#### DATA EXTRACT
........
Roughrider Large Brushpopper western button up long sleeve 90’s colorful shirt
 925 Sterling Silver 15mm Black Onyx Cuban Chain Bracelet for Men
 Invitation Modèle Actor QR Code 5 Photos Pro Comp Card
........
#### DESCRIPTION OF THE TASK
The answer should reproduce all of the data without any alteration.

#### RESPONSE BOX
Roughrider Large Brushpopper western button up long sleeve 90’s colorful shirt
 925 Sterling Silver 15mm Black Onyx Cuban Chain Bracelet for Men
 Invitation Modèle Actor QR Code 5 Photos Pro Comp Card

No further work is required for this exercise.